Records from a data collection
※
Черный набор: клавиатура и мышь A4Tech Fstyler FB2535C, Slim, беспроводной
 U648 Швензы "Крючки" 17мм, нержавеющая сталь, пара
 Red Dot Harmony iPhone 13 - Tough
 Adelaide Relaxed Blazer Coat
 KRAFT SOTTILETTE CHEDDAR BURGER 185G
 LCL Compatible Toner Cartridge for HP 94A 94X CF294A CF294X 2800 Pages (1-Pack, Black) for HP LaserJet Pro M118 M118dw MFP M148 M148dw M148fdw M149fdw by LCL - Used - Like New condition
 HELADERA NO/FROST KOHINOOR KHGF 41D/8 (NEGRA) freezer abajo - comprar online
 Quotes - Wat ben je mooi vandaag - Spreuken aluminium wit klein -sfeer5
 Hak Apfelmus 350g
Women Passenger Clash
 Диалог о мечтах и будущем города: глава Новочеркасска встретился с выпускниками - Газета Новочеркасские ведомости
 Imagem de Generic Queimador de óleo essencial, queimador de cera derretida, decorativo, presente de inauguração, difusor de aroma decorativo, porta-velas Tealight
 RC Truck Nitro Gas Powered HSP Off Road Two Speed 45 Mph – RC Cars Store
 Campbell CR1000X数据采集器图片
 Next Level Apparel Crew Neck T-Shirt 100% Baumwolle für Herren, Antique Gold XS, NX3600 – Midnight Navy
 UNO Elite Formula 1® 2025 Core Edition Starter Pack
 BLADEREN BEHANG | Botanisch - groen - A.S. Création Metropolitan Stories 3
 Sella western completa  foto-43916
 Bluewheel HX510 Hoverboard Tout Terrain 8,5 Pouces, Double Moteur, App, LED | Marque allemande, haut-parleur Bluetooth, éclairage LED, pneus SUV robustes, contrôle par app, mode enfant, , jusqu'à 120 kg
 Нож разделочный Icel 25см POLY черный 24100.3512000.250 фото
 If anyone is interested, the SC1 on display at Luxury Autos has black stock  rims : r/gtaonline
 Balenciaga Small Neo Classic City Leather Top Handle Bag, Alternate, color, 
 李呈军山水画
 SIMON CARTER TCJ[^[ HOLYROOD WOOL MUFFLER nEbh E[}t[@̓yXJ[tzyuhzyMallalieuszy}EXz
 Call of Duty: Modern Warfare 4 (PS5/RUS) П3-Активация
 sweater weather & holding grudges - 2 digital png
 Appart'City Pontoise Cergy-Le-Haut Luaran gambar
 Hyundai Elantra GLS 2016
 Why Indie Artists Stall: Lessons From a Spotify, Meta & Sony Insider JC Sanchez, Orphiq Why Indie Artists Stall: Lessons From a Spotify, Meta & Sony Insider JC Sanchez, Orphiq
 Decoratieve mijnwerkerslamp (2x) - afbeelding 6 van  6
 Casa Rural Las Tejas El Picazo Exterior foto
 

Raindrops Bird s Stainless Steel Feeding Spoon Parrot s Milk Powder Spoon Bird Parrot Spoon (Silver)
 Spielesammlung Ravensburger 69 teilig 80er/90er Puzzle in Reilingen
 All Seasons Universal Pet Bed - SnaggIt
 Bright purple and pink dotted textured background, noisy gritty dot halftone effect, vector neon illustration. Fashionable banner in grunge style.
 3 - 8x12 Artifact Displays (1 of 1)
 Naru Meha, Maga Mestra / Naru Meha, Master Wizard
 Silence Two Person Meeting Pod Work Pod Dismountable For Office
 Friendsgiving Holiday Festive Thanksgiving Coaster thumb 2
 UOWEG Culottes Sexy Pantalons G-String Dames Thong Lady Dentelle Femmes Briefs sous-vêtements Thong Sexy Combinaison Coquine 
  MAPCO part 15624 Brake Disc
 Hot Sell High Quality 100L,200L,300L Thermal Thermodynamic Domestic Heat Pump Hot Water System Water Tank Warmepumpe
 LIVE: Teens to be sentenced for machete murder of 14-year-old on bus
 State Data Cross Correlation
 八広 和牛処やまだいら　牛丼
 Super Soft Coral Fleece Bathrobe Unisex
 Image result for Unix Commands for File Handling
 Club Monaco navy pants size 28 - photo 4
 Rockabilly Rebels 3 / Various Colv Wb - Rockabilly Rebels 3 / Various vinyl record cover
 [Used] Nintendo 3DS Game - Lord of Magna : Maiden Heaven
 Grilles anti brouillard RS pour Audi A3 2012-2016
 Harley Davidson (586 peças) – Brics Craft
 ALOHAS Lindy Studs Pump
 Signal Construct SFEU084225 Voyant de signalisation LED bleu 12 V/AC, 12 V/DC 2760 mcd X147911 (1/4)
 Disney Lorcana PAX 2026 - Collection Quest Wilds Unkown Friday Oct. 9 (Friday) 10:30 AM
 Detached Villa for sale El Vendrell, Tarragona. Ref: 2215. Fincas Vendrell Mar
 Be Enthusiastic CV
※
Exercise objective
Every record shown above should appear again in your answer, unchanged.

Result of this exercise
Черный набор: клавиатура и мышь A4Tech Fstyler FB2535C, Slim, беспроводной
 U648 Швензы "Крючки" 17мм, нержавеющая сталь, пара
 Red Dot Harmony iPhone 13 - Tough
 Adelaide Relaxed Blazer Coat
 KRAFT SOTTILETTE CHEDDAR BURGER 185G
 LCL Compatible Toner Cartridge for HP 94A 94X CF294A CF294X 2800 Pages (1-Pack, Black) for HP LaserJet Pro M118 M118dw MFP M148 M148dw M148fdw M149fdw by LCL - Used - Like New condition
 HELADERA NO/FROST KOHINOOR KHGF 41D/8 (NEGRA) freezer abajo - comprar online
 Quotes - Wat ben je mooi vandaag - Spreuken aluminium wit klein -sfeer5
 Hak Apfelmus 350g
Women Passenger Clash
 Диалог о мечтах и будущем города: глава Новочеркасска встретился с выпускниками - Газета Новочеркасские ведомости
 Imagem de Generic Queimador de óleo essencial, queimador de cera derretida, decorativo, presente de inauguração, difusor de aroma decorativo, porta-velas Tealight
 RC Truck Nitro Gas Powered HSP Off Road Two Speed 45 Mph – RC Cars Store
 Campbell CR1000X数据采集器图片
 Next Level Apparel Crew Neck T-Shirt 100% Baumwolle für Herren, Antique Gold XS, NX3600 – Midnight Navy
 UNO Elite Formula 1® 2025 Core Edition Starter Pack
 BLADEREN BEHANG | Botanisch - groen - A.S. Création Metropolitan Stories 3
 Sella western completa  foto-43916
 Bluewheel HX510 Hoverboard Tout Terrain 8,5 Pouces, Double Moteur, App, LED | Marque allemande, haut-parleur Bluetooth, éclairage LED, pneus SUV robustes, contrôle par app, mode enfant, , jusqu'à 120 kg
 Нож разделочный Icel 25см POLY черный 24100.3512000.250 фото
 If anyone is interested, the SC1 on display at Luxury Autos has black stock  rims : r/gtaonline
 Balenciaga Small Neo Classic City Leather Top Handle Bag, Alternate, color, 
 李呈军山水画
 SIMON CARTER TCJ[^[ HOLYROOD WOOL MUFFLER nEbh E[}t[@̓yXJ[tzyuhzyMallalieuszy}EXz
 Call of Duty: Modern Warfare 4 (PS5/RUS) П3-Активация
 sweater weather & holding grudges - 2 digital png
 Appart'City Pontoise Cergy-Le-Haut Luaran gambar
 Hyundai Elantra GLS 2016
 Why Indie Artists Stall: Lessons From a Spotify, Meta & Sony Insider JC Sanchez, Orphiq Why Indie Artists Stall: Lessons From a Spotify, Meta & Sony Insider JC Sanchez, Orphiq
 Decoratieve mijnwerkerslamp (2x) - afbeelding 6 van  6
 Casa Rural Las Tejas El Picazo Exterior foto
 

Raindrops Bird s Stainless Steel Feeding Spoon Parrot s Milk Powder Spoon Bird Parrot Spoon (Silver)
 Spielesammlung Ravensburger 69 teilig 80er/90er Puzzle in Reilingen
 All Seasons Universal Pet Bed - SnaggIt
 Bright purple and pink dotted textured background, noisy gritty dot halftone effect, vector neon illustration. Fashionable banner in grunge style.
 3 - 8x12 Artifact Displays (1 of 1)
 Naru Meha, Maga Mestra / Naru Meha, Master Wizard
 Silence Two Person Meeting Pod Work Pod Dismountable For Office
 Friendsgiving Holiday Festive Thanksgiving Coaster thumb 2
 UOWEG Culottes Sexy Pantalons G-String Dames Thong Lady Dentelle Femmes Briefs sous-vêtements Thong Sexy Combinaison Coquine 
  MAPCO part 15624 Brake Disc
 Hot Sell High Quality 100L,200L,300L Thermal Thermodynamic Domestic Heat Pump Hot Water System Water Tank Warmepumpe
 LIVE: Teens to be sentenced for machete murder of 14-year-old on bus
 State Data Cross Correlation
 八広 和牛処やまだいら　牛丼
 Super Soft Coral Fleece Bathrobe Unisex
 Image result for Unix Commands for File Handling
 Club Monaco navy pants size 28 - photo 4
 Rockabilly Rebels 3 / Various Colv Wb - Rockabilly Rebels 3 / Various vinyl record cover
 [Used] Nintendo 3DS Game - Lord of Magna : Maiden Heaven
 Grilles anti brouillard RS pour Audi A3 2012-2016
 Harley Davidson (586 peças) – Brics Craft
 ALOHAS Lindy Studs Pump
 Signal Construct SFEU084225 Voyant de signalisation LED bleu 12 V/AC, 12 V/DC 2760 mcd X147911 (1/4)
 Disney Lorcana PAX 2026 - Collection Quest Wilds Unkown Friday Oct. 9 (Friday) 10:30 AM
 Detached Villa for sale El Vendrell, Tarragona. Ref: 2215. Fincas Vendrell Mar
 Be Enthusiastic CV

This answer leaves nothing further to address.